O alto custo de um erro

Depois de quatro anos sem realizar leilões de petróleo, o governo anunciou que esse ano a ANP deverá promover três leilões. O primeiro em maio e os outros dois no final do ano. Em maio ocorrerá a 11 rodada e no final do ano o primeiro leilão de áreas do pre-sal e outro em áreas em terra visando o aumento da oferta de gás natural. Como era esperado o mercado reagiu bem ao anúncio, depois de anos de notícias ruins e todos estão torcendo para que haja continuidade dos leilões ao longo dos próximos anos.

A nova abertura do mercado de petróleo no Brasil difere bastante da realizada no fim dos anos 90. Naquele momento, a ideia foi de abrir o mercado, garantindo um tratamento igualitário a todas as empresas, através de uma agencia reguladora independente e com isso promovendo a concorrência no setor.

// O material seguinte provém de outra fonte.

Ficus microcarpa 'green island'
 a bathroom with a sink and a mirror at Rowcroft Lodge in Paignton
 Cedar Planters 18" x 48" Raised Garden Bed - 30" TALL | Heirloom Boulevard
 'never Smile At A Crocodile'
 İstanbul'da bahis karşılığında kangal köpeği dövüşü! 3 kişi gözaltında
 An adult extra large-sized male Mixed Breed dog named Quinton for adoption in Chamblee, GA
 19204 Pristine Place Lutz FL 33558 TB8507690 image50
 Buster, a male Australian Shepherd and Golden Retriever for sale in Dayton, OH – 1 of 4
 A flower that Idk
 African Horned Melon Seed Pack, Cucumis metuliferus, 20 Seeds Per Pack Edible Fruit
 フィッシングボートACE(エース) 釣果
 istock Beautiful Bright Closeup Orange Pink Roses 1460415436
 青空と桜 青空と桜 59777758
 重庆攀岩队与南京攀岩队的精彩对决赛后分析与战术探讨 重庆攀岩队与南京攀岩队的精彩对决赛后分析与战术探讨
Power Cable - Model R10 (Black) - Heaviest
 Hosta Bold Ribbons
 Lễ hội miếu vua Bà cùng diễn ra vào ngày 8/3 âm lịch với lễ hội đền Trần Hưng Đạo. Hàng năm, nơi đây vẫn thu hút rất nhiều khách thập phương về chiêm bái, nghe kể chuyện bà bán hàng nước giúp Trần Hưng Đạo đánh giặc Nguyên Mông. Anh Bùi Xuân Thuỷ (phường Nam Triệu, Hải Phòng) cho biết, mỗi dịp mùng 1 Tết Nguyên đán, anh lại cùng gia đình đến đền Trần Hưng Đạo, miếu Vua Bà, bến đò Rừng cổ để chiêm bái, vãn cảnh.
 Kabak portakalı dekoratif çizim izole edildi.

Para isso, foi estabelecido o modelo jurídico da concessão e os preços da gasolina e do diesel seguiam a tendencia do mercado internacional.

A volta dos leilões é um avanço, agora só falta o governo restabelecer as boas praticas de mercado que existiam na abertura dos anos 90

A nova abertura vem revestida de uma maior intervenção do Estado e de uma Petrobras enfraquecida, já que foi a empresa a principal prejudicada com o fechamento do mercado e as mudanças no marco regulatório As regras sobre o conteúdo local são atrasadas, viraram dogma, revela um nacionalismo ultrapassado e acabam dificultando o aparecimento de empresas nacionais fortes e competitivas. O novo modelo jurídico da partilha trás de volta o monopólio da Petrobras na operação dos campos do pre-sal, além de dar um tratamento desigual entre a Petrobras e as demais empresas, pelo fato de que a estatal terá sempre uma participação minima de 30% nos campos do pre-sal a serem leiloados. Sem falar na criação de mais uma estatal, que teria a missão de gerir os contratos de partilha e poder de veto no comitê gestor dos campos de petróleo. Para completar o quadro intervencionista, os preços da gasolina e do diesel continuam sendo determinados pelo comportamento da inflação e não pela tendência do mercado internacional.

Finalmente, o governo entendeu que a conta estava ficando muito cara para o Brasil pelo fato de ter fechado o mercado de petróleo, em particular, no momento do anúncio das grandes reservas do pre-sal. Investimentos que poderiam ter sido realizados no Brasil foram para outros destinos como os Estados Unidos, Africa e Colombia, provocando, em particular, nos Estados Unidos uma grande revolução com a produção do chamado gás e petróleo não convencional, o que levará o país a voltar a ser um dos maiores produtores mundiais de petróleo e gás natural e a voltar a atrair inúmeras empresas devido a garantia de abastecimento e preços competitivos.

A volta dos leilões é um avanço, agora só falta o governo restabelecer as boas praticas de mercado que existiam na abertura dos anos 90. Aí, sim, o país voltará a fazer parte da rota dos grandes investimentos das empresas petrolíferas e o setor de petróleo.